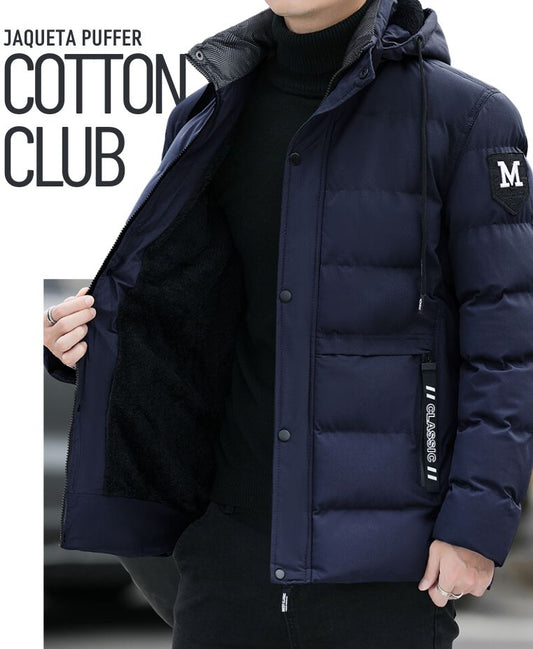 Jaqueta Puffer Cotton Club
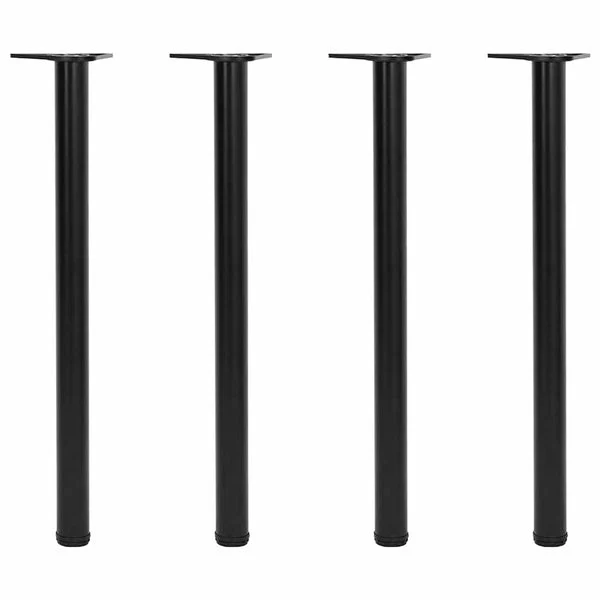 Adjustable Table Legs 4 pcs Black 870 mm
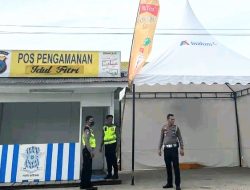 Ditinjau Kasat Lantas Polres Batu Bara, Pembuatan Pos PAM Ops Ketupat Toba 2023 Dikebut 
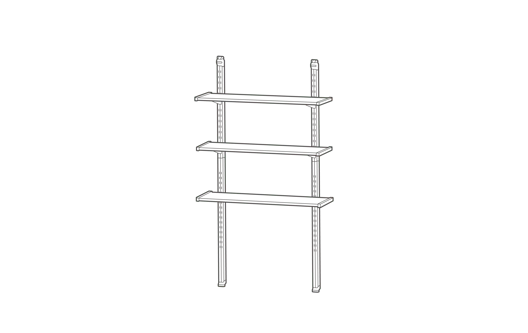 Buy Black Shelf Kit 40 for Sheds - Keter Canada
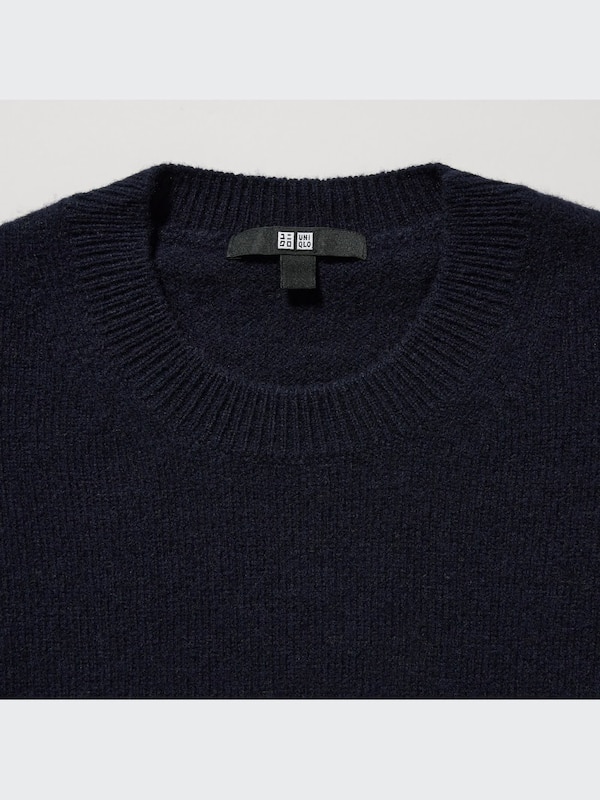 Premium Lambswool Crew Neck Long-Sleeve Sweater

-----

One exact copy of the data is required, and it should hold no pictures.

__Task solution__:
 Jaqueta Puffer Cotton Club
 Adjustable Table Legs 4 pcs Black 870 mm
 Ditinjau Kasat Lantas Polres Batu Bara, Pembuatan Pos PAM Ops Ketupat Toba 2023 Dikebut 
 Buy Black Shelf Kit 40 for Sheds - Keter Canada
 Premium Lambswool Crew Neck Long-Sleeve Sweater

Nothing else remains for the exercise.